Architects, landscape architects, artists, designers, scientists, engineers and others will be invited to submit design proposals from 5 January 2018.

With the slogan “renewable energy can be beautiful,” LAGI is an initiative that aims to “accelerate the transition to post-carbon economies by providing models of renewable energy infrastructure that add value to public space, inspire and educate.”

Run every two years, the competition has previously been held at sites in Dubai and Abu Dhabi, New York City, and Santa Monica. Melbourne was named as 2018’s host city in July.

Solar Hourglass by Santiago Muros Cortés, winner of LAGI 2014 Copenhagen. Energy technologies: concentrated solar power (thermal beam-down tower with heliostats).

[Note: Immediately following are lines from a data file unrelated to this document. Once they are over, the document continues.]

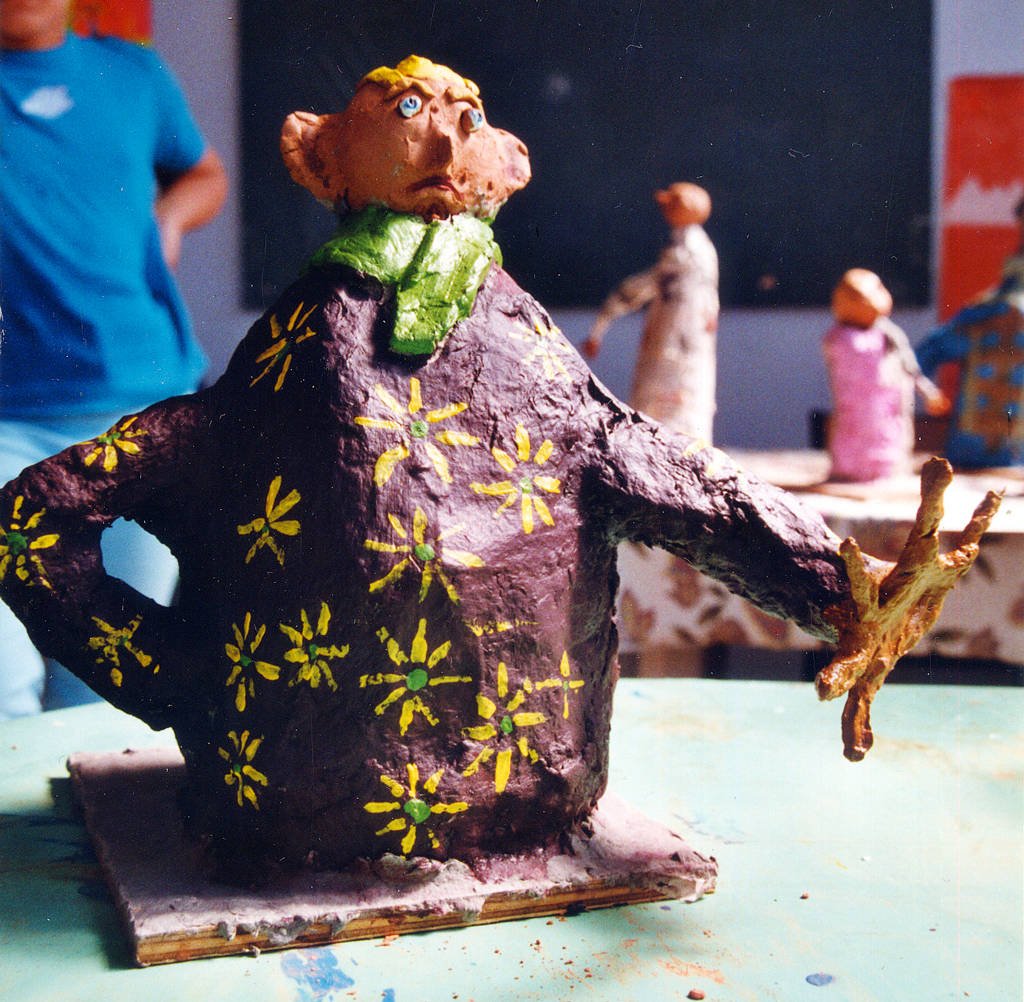 Une sculpture en carton pâte réalisée par un jeune artiste participant à un atelier de sculpture. Ateliers sur demande organisé par Karine Bracq
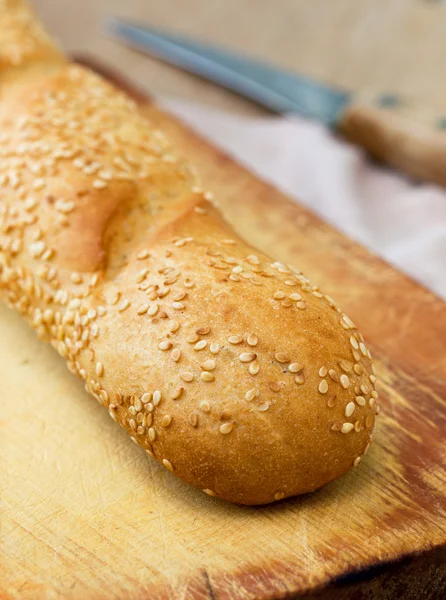 Baguette med sesamfrön — Stockfoto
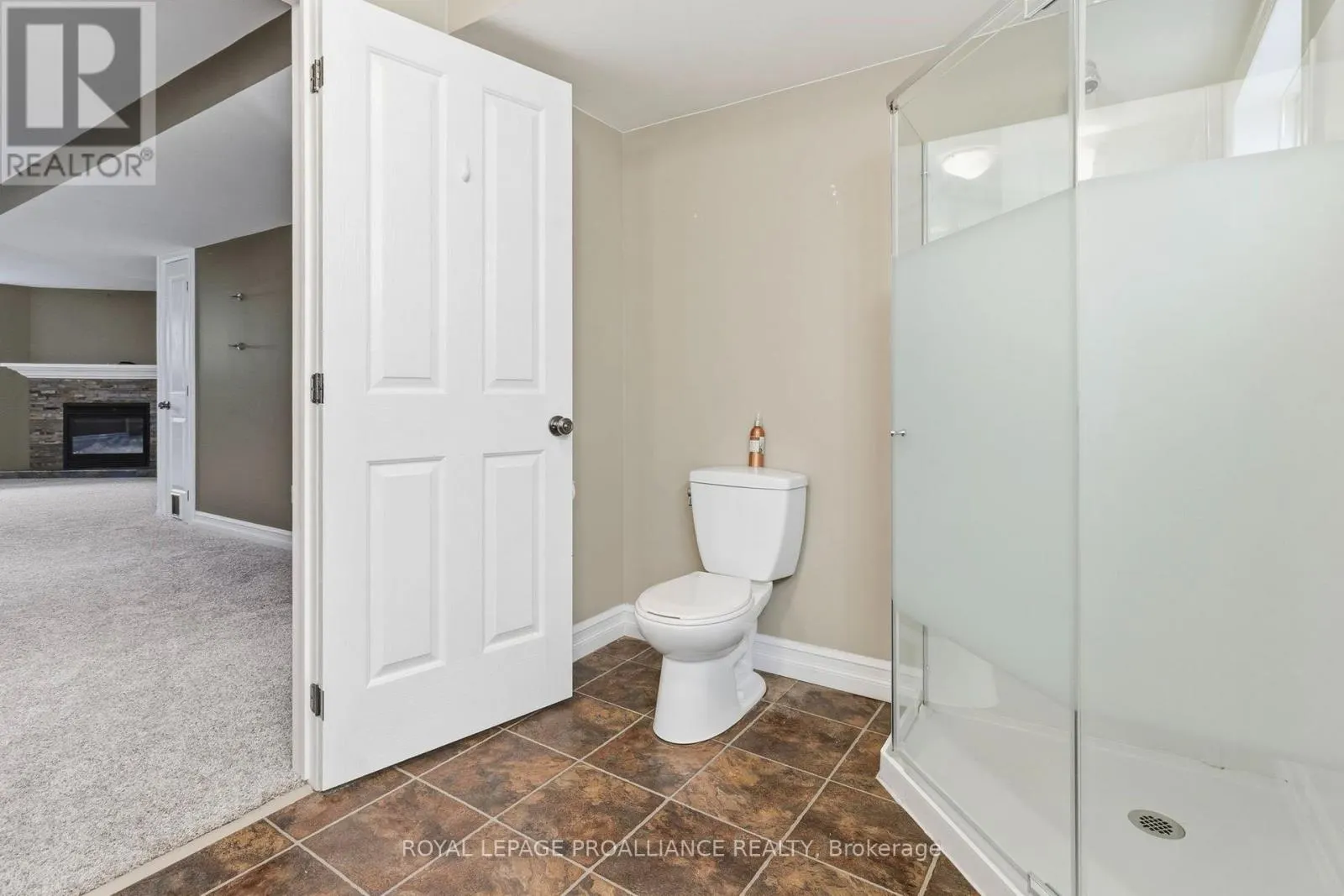 1034 FITZSIMMONS DRIVE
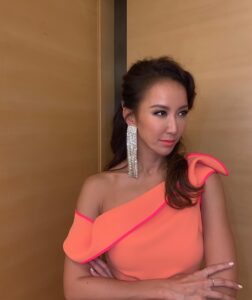 CoCo Lee Instagram - How about this orange nyon moon lover look??? 😉😘 沒想到螢光橙色除了適合活潑型格的服飾，配上優雅的裙子👗 會有另一種感覺，怎樣，好看吧😌 On CoCo... Dress @toni_maticevski Shoes @giuseppezanotti #styledbyMMC #月光愛人 #alovebeforetime #COCOLEE #李玟 #COCO李玟 #李玟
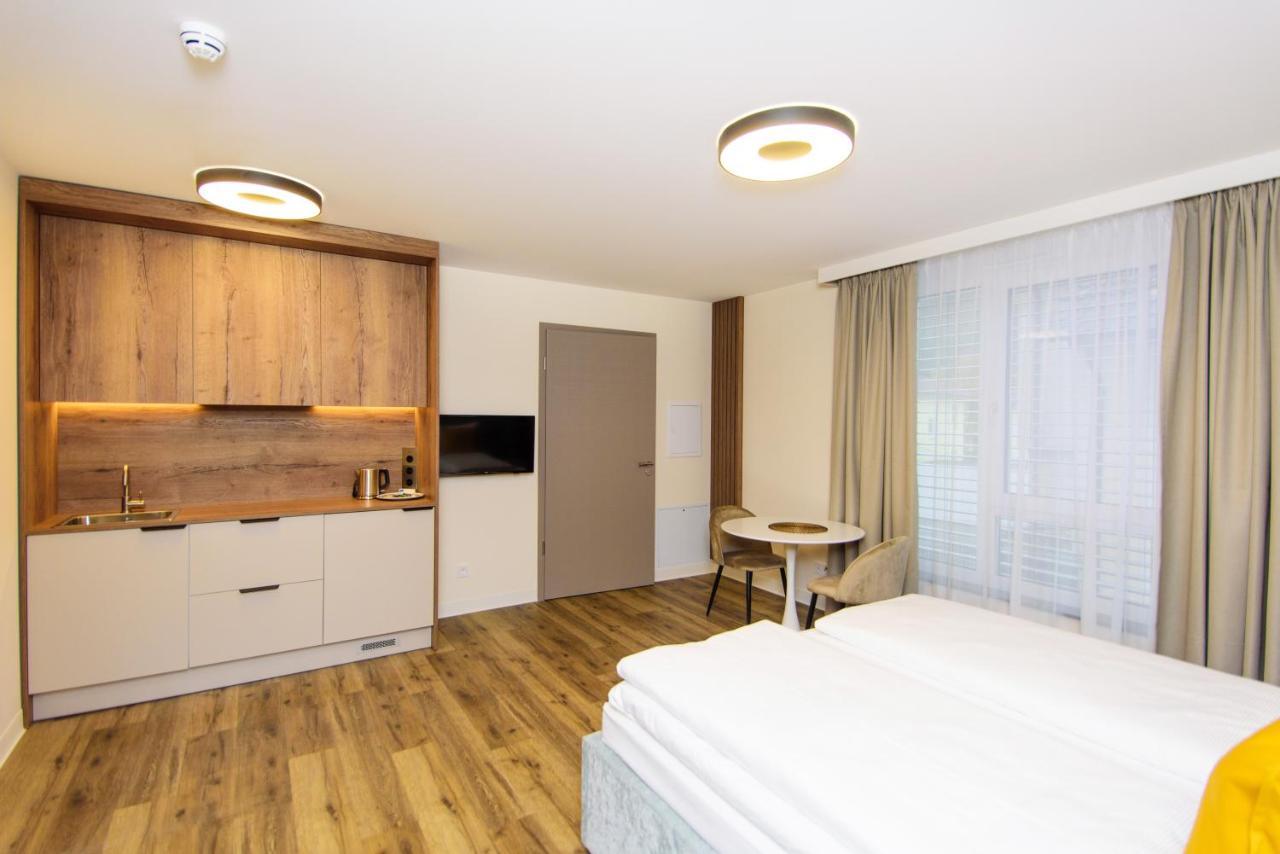 Hotel Twentyfour Living Bad Urach Luaran gambar
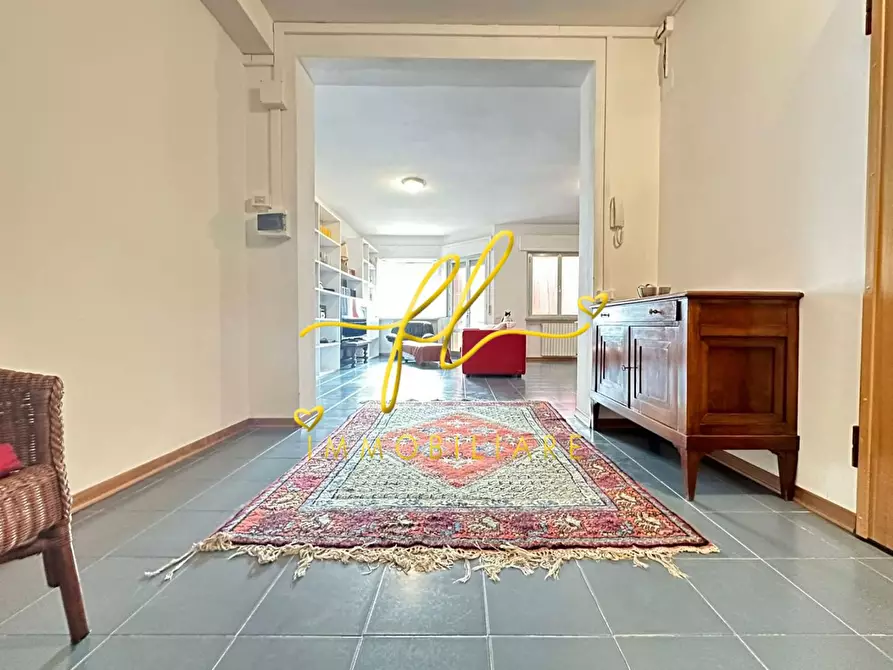 Immagine 7 di Appartamento in vendita  a Cecina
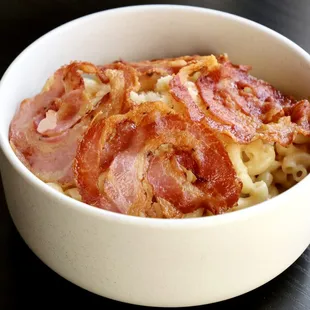 Gusto Mac-&amp;-Cheese with Roasted Pancetta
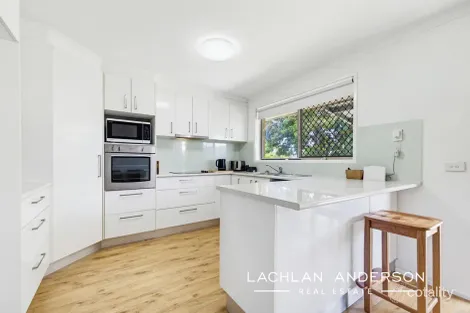 Property photo of 19 Culla Culla Street Battery Hill QLD 4551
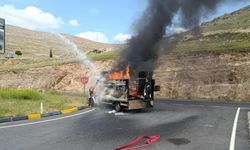 Diyarbakır'da ev eşyası taşıyan kamyonet alev aldı
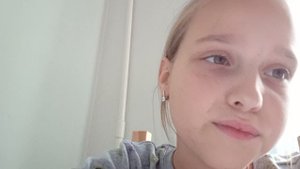 пробую китайские конфеты.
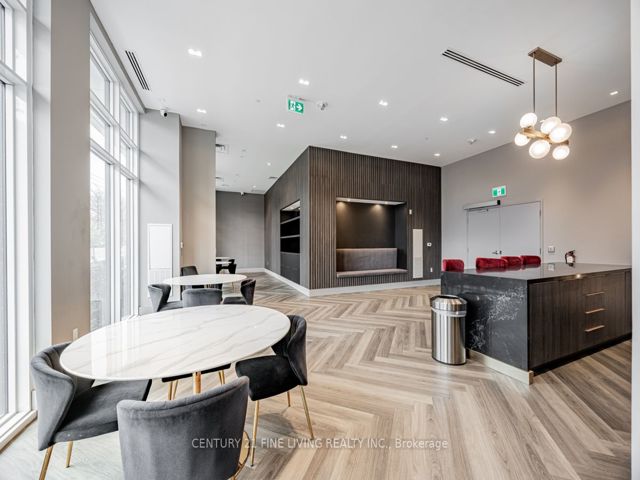 318 - 3220 Sheppard Ave E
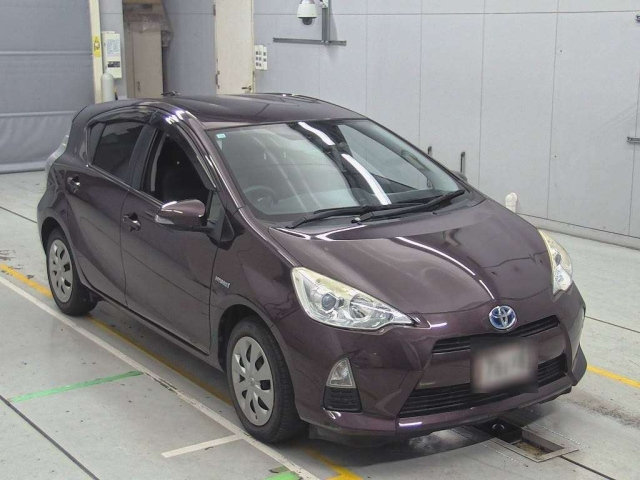TOYOTA AQUA 2014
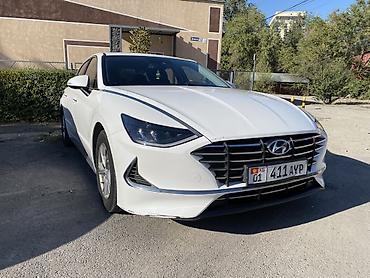 Продажа авто: Hyundai Sonata: 2019 г., 2 л, Автомат, Бензин, Седан — 2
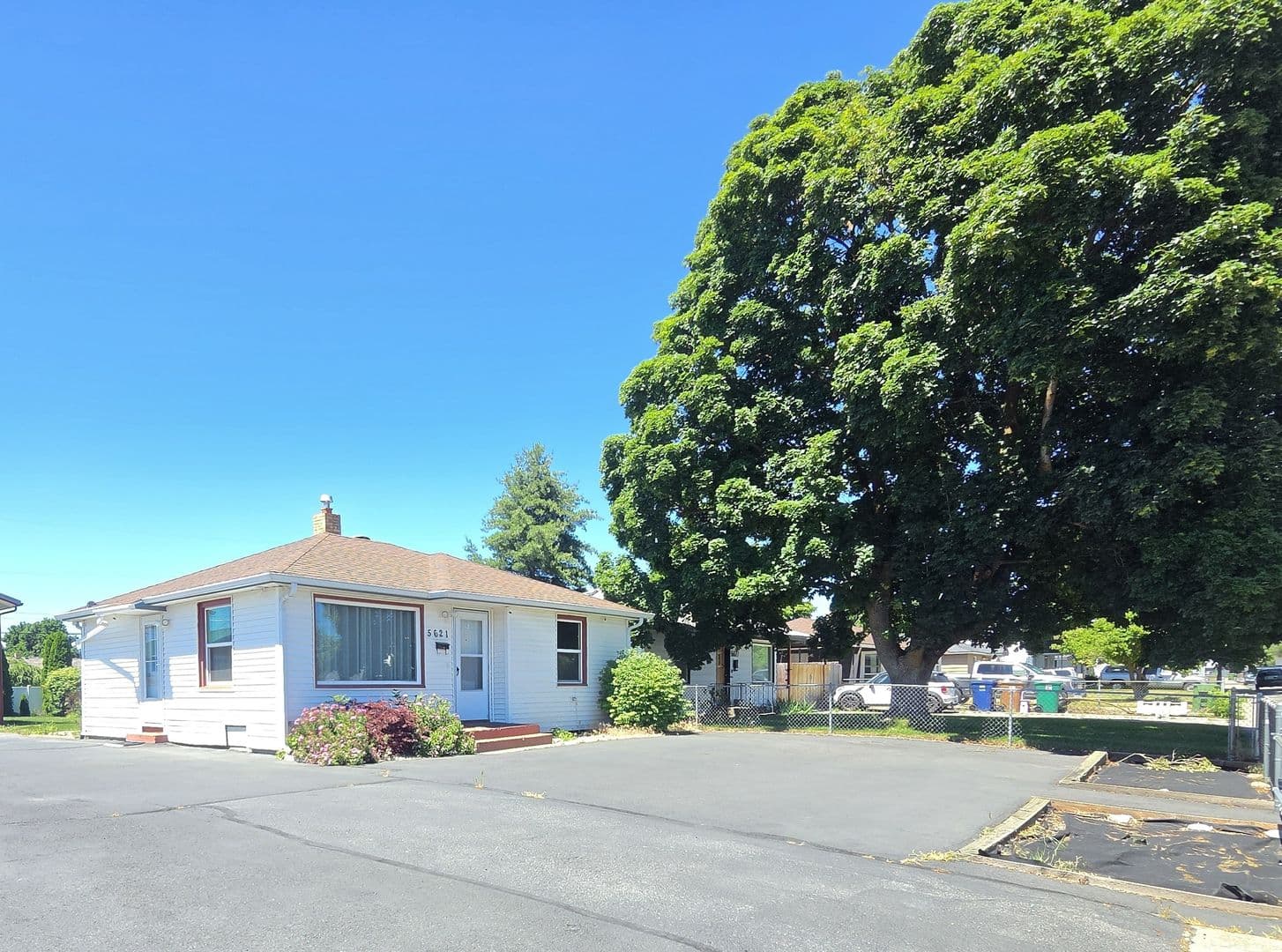 Spokane House: 5621 N Hemlock St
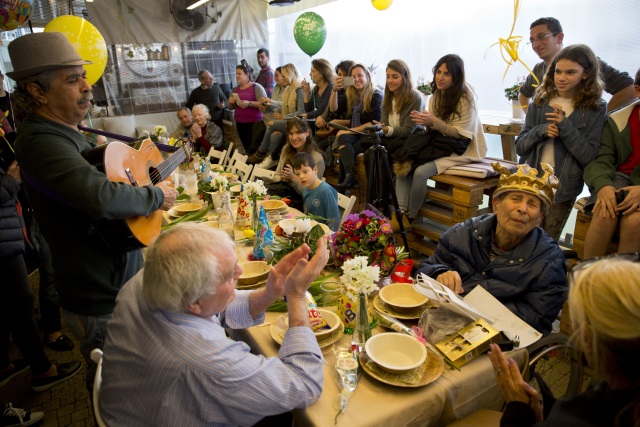 Israeli Holocaust survivor Ernest Weiner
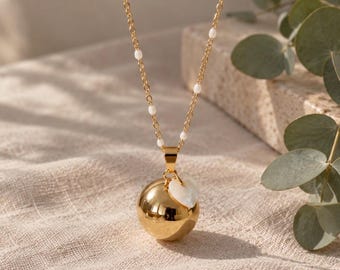 Bola de grossesse inoxydable - cœur nacre véritable - Chaîne Gigi blanche – Doré ou argenté – Collier femme enceinte fait main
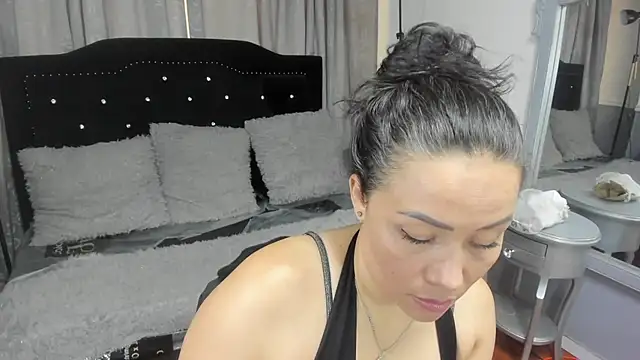 Chat +18 de gaby_trent ao vivo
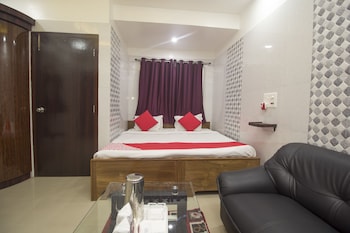 oyo 27907 greater kailash the palace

Annual capacity: 7,500 MWh.  Image:  Courtesy LAGI

The regional director of the 2018 event will be Jodi Newbombe of Carbon Arts, a Melbourne-based organization that aims to harness creativity to encourage a sustainable future. Carbon Arts’ previous projects include Amphibious Architecture - what does the Derwent want?, a sculptural project that used coloured lights to indicate estuarine health, and Curating Cities, a five-year collaborative research project examining how the arts can generate environmentally beneficial behavioural change.

The competition is being run in partnership with the Victorian government’s Department of Environment, Land, Water and Planning and will ofer a first prize of US$16,000 (A$20,820).

The first prize winner of the 2016 competition in Santa Monica was “Regatta H:20: Familiar Form, Chameleon Infrastructure,” a design that used traditional-looking yacht sails to transform wind power into electricity.

The design brief will be made available on 5 January 2018. The competition closes in May and prizes will be awarded in October. The primary exhibition and award ceremony for LAGI 2018 will take place at Federation Square.